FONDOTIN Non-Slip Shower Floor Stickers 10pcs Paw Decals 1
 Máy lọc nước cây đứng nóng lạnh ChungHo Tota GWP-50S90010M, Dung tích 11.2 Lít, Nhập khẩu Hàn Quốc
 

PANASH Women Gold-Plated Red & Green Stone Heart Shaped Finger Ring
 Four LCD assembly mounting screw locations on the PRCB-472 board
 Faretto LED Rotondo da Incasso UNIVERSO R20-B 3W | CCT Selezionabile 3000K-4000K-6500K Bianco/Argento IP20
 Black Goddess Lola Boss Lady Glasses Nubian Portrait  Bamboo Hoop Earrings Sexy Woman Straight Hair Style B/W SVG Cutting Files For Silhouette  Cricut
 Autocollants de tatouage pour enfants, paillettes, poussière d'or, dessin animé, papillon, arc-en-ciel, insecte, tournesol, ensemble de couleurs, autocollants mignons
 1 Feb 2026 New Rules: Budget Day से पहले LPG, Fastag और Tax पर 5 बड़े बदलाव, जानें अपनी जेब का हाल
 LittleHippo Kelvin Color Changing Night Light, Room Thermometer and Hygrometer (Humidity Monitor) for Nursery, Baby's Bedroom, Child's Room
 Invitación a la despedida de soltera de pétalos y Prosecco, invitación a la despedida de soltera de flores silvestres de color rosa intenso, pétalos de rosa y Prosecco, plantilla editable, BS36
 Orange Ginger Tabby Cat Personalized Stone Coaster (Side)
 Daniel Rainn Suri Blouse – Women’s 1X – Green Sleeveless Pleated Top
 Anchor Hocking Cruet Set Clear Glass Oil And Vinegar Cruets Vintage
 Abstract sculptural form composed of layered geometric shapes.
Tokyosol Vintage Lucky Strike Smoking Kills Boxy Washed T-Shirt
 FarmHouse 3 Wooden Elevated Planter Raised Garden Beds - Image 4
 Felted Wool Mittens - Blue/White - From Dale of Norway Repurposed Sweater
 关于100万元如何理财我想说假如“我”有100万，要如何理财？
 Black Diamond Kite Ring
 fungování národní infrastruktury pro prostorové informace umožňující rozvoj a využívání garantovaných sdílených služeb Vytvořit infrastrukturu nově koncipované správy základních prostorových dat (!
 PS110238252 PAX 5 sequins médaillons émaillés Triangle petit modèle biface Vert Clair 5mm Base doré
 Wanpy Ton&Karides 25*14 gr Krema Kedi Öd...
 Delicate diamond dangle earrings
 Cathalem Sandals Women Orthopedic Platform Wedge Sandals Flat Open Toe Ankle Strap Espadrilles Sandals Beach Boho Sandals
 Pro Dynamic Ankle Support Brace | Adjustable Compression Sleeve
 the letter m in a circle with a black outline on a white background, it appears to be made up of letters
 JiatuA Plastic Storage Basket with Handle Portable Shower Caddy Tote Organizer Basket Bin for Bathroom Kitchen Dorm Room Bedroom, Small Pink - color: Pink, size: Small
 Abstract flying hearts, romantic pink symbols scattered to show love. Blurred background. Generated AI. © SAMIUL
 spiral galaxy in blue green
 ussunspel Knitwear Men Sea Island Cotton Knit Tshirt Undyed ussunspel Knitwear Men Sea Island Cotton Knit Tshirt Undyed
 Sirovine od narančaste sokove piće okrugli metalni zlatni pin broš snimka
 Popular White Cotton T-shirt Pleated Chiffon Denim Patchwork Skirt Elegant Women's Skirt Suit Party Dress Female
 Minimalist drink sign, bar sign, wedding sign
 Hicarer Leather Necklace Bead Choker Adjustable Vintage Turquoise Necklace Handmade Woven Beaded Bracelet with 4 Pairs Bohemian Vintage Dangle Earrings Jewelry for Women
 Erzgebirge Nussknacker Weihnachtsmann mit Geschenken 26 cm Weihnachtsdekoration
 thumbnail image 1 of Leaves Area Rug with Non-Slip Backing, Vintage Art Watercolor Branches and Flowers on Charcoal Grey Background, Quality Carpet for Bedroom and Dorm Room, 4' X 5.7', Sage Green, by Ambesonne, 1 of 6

→ **WHAT YOU ARE ASKED TO DO**: Could you write out, exactly as they stand, only the lines above that begin at the line with "Pro Dynamic Ankle" and stop after the line with "the letter m"?

→ **REPLY TO THE EXERCISE**:
 Pro Dynamic Ankle Support Brace | Adjustable Compression Sleeve
 the letter m in a circle with a black outline on a white background, it appears to be made up of letters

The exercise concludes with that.